Re: Stuck on PC
Posted by WBahn on Nov 23, 2019; 12:07am
URL: http://nand2tetris-questions-and-answers-forum.52.s1.nabble.com/Stuck-on-PC-tp4033903p4033916.html
I find that it really helps to draw the schematic of what the HDL represented, but that may be more reflective of my particular background than anything else.
Ask yourself under what circumstances the value stored in the Register should change. Your current design only changes this value when the 'load' signal is asserted. But what if just the 'reset' signal is asserted? Is it enough to just have the output for the current clock cycle be low? What about the next clock cycle?

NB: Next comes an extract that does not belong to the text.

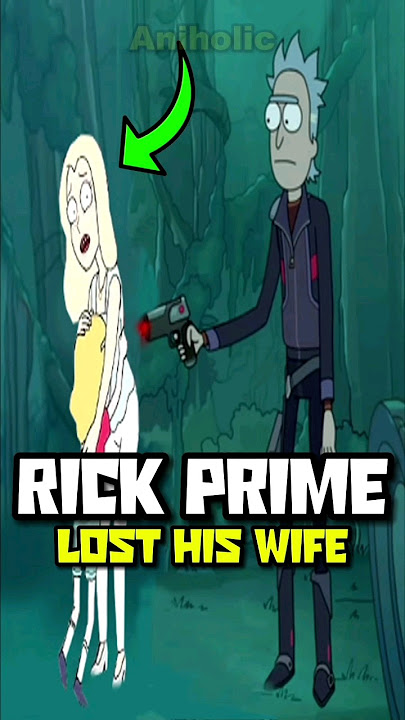 Rick Prime Killed His Own Wife With His Ego | Rick and Morty Season 7 Episode 9 Rick Prime Explained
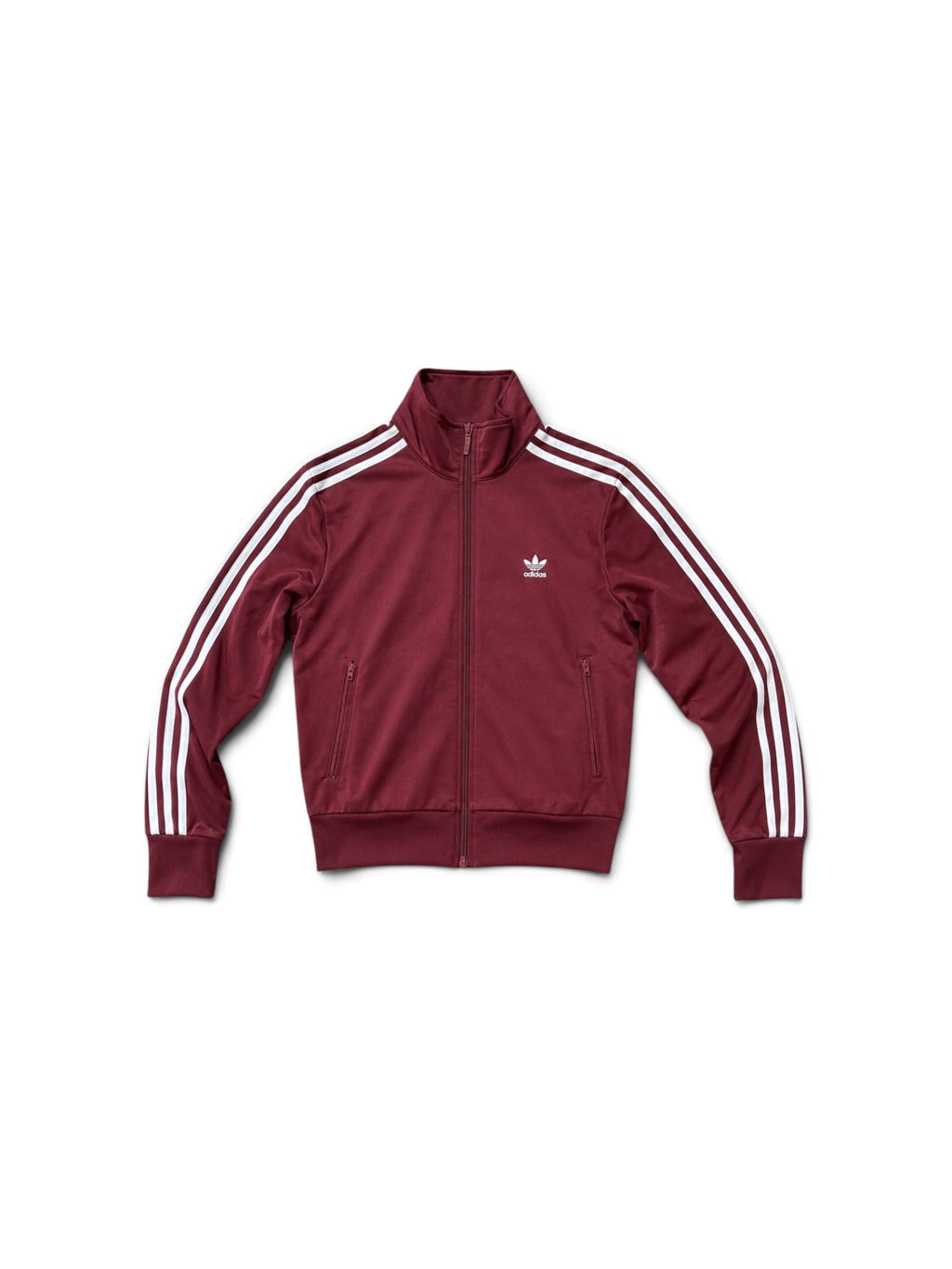 Adidas Firebird Track Jacket Bordeaux (S)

Consider the following:
Let's say that t = 513 and we have the following:
out[t=513] = 10000
in[t=513] = 12345
reset[t=513] = 1
inc[t=513] = 0
load[t=513] = 0
The specs say:
/**
* A 16-bit counter with load and reset control bits.
* if (reset[t] == 1) out[t+1] = 0
* else if (load[t] == 1) out[t+1] = in[t]
* else if (inc[t] == 1) out[t+1] = out[t] + 1 (integer addition)
* else out[t+1] = out[t]
*/
So out[t=514] should be 0. Your circuit actually makes the output at t=513 equal to 0 because the effect of your control signals on the Muxes routes the False (0) to the output immediately upon the control signals changing.
But aside from that (i.e., let's assume that your circuit made out[t=514] equal to zero like it should), what about the next clock cycle if
out[t=514] = 0
in[t=514] = 12345
reset[t=514] = 0
inc[t=514] = 1
load[t=514] = 0
In this case the output at t=515 should be 1, but your circuit still has 10000 stored in the Register, so your output will go to 10001, which is definitely not what you want.
For any situation in which the new output is related to the prior output, your circuit must store that prior output so that it can use it during the next clock cycle. So what you are really controlling is the value to be stored in the register on each clock cycle. Look at the problem from that perspective.